Note: This is the final story in a series of three articles.
As Jonathan Carr sat in the back of a police vehicle Dec. 15, 2000, he asked a detective about a recent quadruple homicide in Wichita. He was told suspects in the case had been charged with capital murder.
Curious, Carr asked what capital murder was, how the death penalty was administered and whether death row inmates felt pain when receiving a lethal injection.
Carr, along with his brother, Reginald, had been arrested as suspects in a crime spree that included the abduction, sexual assault and murder of four people in an abandoned soccer field in Wichita. The brothers were charged, convicted and sentenced to die for the crimes.
Fifteen years later, the fate of the Carr brothers remains irresolute. On Wednesday, the U.S. Supreme Court will hear two hours of oral arguments in which the state of Kansas will attempt to convince the nation’s high court that the Kansas Supreme Court erred in vacating the brothers’ death sentences.
“I make it a practice not to predict what the court may do,” Kansas Attorney General Derek Schmidt said in a recent interview, “but I am comfortable the state has a very strong argument.”
Schmidt will argue on the state’s behalf for the first hour of oral arguments, which will center on whether a jury should have been instructed that mitigating evidence introduced by the defense during the sentencing phase didn’t need to be proven beyond a reasonable doubt.

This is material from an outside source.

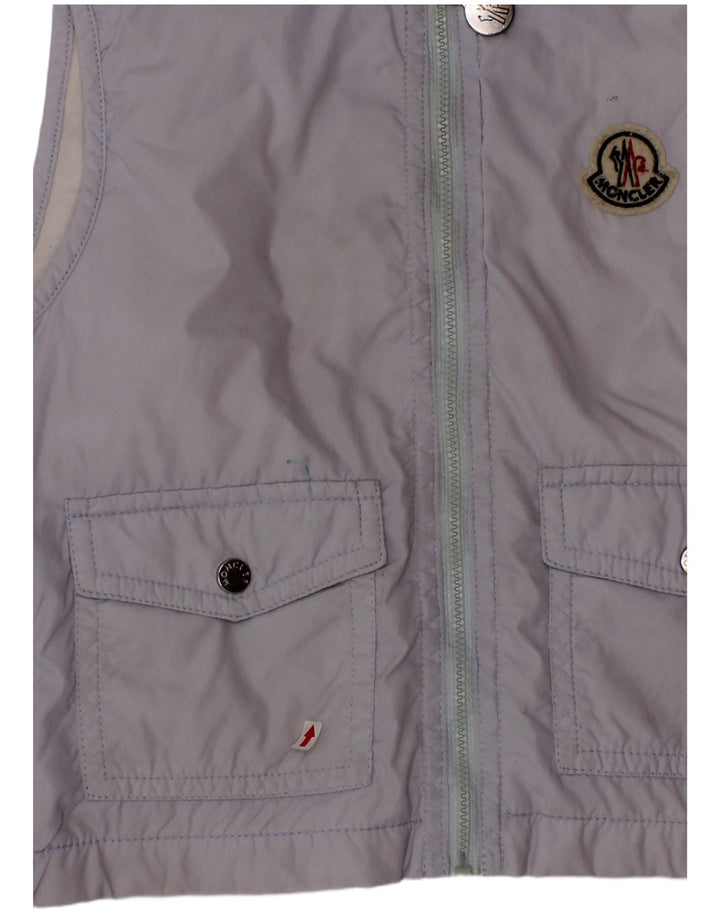 Gilet cu glugă Moncler pentru băieți 2-3 ani, albastru din poliamidă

“There’s no precedent exactly on this question from the Supreme Court,” said Rory Little, a law professor at the University of California-Hastings and former law clerk for five U.S. Supreme Court justices. “But there are cases that say you have to be more careful with jury instructions in the death penalty cases, and there are cases that say you can’t leave the jury confused.”
The Kansas Supreme Court ruled July 25, 2014, that a district judge must instruct a jury in a capital case that mitigating evidence need not be proved beyond a reasonable doubt, lest jury members become confused about the standard of proof for mitigating evidence.
“The reason that is a significant issue is juries understand that when they find fact they are supposed to find fact beyond a reasonable doubt,” said Robert Dunham, executive director of the Death Penalty Information Center, who has argued on behalf of death row inmates before the Supreme Court. “So their belief based on every other instruction they get is, if it’s a fact, you must decide beyond a reasonable doubt.”
Schmidt called the Kansas Supreme Court’s decision a “novel holding.”
“There’s no evidence of juror confusion in these records,” the attorney general said. “These jurors knew what they were doing and they did their job.”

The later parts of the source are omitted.